___ Input for this task ___
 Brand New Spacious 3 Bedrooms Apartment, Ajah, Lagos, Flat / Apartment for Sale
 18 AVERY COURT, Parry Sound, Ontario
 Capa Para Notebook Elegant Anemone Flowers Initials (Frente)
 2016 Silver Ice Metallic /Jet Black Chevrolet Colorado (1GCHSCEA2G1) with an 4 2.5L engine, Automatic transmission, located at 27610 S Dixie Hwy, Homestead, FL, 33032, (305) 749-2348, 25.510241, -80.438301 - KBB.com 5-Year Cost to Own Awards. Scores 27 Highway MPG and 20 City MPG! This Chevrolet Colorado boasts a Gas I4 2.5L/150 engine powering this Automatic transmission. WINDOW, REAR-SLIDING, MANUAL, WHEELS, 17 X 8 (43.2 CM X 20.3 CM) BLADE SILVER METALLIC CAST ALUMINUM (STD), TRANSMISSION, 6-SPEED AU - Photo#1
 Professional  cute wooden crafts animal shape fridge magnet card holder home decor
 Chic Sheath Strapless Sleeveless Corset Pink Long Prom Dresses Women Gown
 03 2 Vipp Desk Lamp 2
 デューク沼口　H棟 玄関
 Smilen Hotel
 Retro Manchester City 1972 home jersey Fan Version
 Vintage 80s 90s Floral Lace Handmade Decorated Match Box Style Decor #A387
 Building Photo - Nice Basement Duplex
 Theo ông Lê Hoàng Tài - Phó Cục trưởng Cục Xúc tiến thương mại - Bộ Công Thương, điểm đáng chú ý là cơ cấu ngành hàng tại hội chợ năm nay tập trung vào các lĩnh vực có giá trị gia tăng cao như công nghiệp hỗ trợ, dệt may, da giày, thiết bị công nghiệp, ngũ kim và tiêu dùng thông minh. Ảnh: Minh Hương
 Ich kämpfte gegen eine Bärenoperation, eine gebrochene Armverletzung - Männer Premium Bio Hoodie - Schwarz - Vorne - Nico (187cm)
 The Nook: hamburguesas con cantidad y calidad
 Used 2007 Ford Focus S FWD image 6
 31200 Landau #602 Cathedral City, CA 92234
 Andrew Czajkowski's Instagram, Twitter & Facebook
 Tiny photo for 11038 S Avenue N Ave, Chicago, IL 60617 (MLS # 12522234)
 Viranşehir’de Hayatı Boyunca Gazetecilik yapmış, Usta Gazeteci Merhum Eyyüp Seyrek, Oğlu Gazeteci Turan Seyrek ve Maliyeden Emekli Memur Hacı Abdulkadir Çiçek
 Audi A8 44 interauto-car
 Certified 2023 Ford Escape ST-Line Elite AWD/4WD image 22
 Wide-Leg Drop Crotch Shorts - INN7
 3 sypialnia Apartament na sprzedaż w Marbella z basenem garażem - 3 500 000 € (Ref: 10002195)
___
• [Work task]:
Return all of the data exactly as it reads.

• [Solution]:
 Brand New Spacious 3 Bedrooms Apartment, Ajah, Lagos, Flat / Apartment for Sale
 18 AVERY COURT, Parry Sound, Ontario
 Capa Para Notebook Elegant Anemone Flowers Initials (Frente)
 2016 Silver Ice Metallic /Jet Black Chevrolet Colorado (1GCHSCEA2G1) with an 4 2.5L engine, Automatic transmission, located at 27610 S Dixie Hwy, Homestead, FL, 33032, (305) 749-2348, 25.510241, -80.438301 - KBB.com 5-Year Cost to Own Awards. Scores 27 Highway MPG and 20 City MPG! This Chevrolet Colorado boasts a Gas I4 2.5L/150 engine powering this Automatic transmission. WINDOW, REAR-SLIDING, MANUAL, WHEELS, 17 X 8 (43.2 CM X 20.3 CM) BLADE SILVER METALLIC CAST ALUMINUM (STD), TRANSMISSION, 6-SPEED AU - Photo#1
 Professional  cute wooden crafts animal shape fridge magnet card holder home decor
 Chic Sheath Strapless Sleeveless Corset Pink Long Prom Dresses Women Gown
 03 2 Vipp Desk Lamp 2
 デューク沼口　H棟 玄関
 Smilen Hotel
 Retro Manchester City 1972 home jersey Fan Version
 Vintage 80s 90s Floral Lace Handmade Decorated Match Box Style Decor #A387
 Building Photo - Nice Basement Duplex
 Theo ông Lê Hoàng Tài - Phó Cục trưởng Cục Xúc tiến thương mại - Bộ Công Thương, điểm đáng chú ý là cơ cấu ngành hàng tại hội chợ năm nay tập trung vào các lĩnh vực có giá trị gia tăng cao như công nghiệp hỗ trợ, dệt may, da giày, thiết bị công nghiệp, ngũ kim và tiêu dùng thông minh. Ảnh: Minh Hương
 Ich kämpfte gegen eine Bärenoperation, eine gebrochene Armverletzung - Männer Premium Bio Hoodie - Schwarz - Vorne - Nico (187cm)
 The Nook: hamburguesas con cantidad y calidad
 Used 2007 Ford Focus S FWD image 6
 31200 Landau #602 Cathedral City, CA 92234
 Andrew Czajkowski's Instagram, Twitter & Facebook
 Tiny photo for 11038 S Avenue N Ave, Chicago, IL 60617 (MLS # 12522234)
 Viranşehir’de Hayatı Boyunca Gazetecilik yapmış, Usta Gazeteci Merhum Eyyüp Seyrek, Oğlu Gazeteci Turan Seyrek ve Maliyeden Emekli Memur Hacı Abdulkadir Çiçek
 Audi A8 44 interauto-car
 Certified 2023 Ford Escape ST-Line Elite AWD/4WD image 22
 Wide-Leg Drop Crotch Shorts - INN7
 3 sypialnia Apartament na sprzedaż w Marbella z basenem garażem - 3 500 000 € (Ref: 10002195)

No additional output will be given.